8 meetings over 4 months is not a Scout needing a little extra help. That help should have been given the 4 months or so leading up to the rank. This SM is not only hurting this Scout, but losing the Troop IMO, I have seen more than one Troop fold for just such practices. We all know the type. We had on that just did not think a Scout should be first class prior to being 14, these leaders are out there, and they kill the program. I do agree a SM conference can be a great tool for training, but there should be no surprises, the Scout should know where they are going in, this should be a celebration of hard work, this leader just does not seem to grasp his responsibilities imo, putting a Scout through this for 4 months is unacceptable. Imo.

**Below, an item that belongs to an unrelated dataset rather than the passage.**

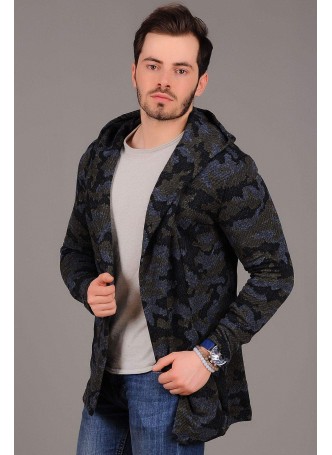 Haki Mavi Kapşonlu Kamuflaj Hırka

Well I must have missed the part where he said the boy was being held back due to age. Normally I would agree, age shouldn’t be a problem. Clearly there seem to be some underlying issues. I would have recommend a parent/SM conference long before seeking advice from the internet.


If the SM has 1 meeting then the requirement has been met. End of story. Now the SM may want to meet on a continuing basis to help the scout develop. Such would be good. But holding rank is NOT the way to develop the scout.


It seems like there are two different requirements potentially being invoked here. One is the Scoutmaster Conference, which is indeed just a requirement to “participate”, not to “pass”. The other requirement not signed off, if I understood the OP correctly, is the “Scout Spirit” requirement, which has three basic parts: demonstrate scout spirit; tell how you did your duty to God; and tell how you have lived the scout oath and law. Personally, I see the first and third parts as being closely related. The former is a case where observation of a scout actively living (or actively not living) the scout oath and/or law informs the conversation. The latter is what the scout perceives himself or herself to be doing to live the scout oath and law. Other than clear evidence that the scout isn’t living the scout oath or law, I’m not sure how a leader would justify declining to sign this off.

I’m still not clear on what exactly it is that this unit’s leadership expects from this scout. I agree that a variety of the behaviors described (e.g. striking prior signatures, a nebulous expectation of activity in the troop demonstrating scout spirit rather than “outside” of the troop) seem to pass from the acceptable to the dubious.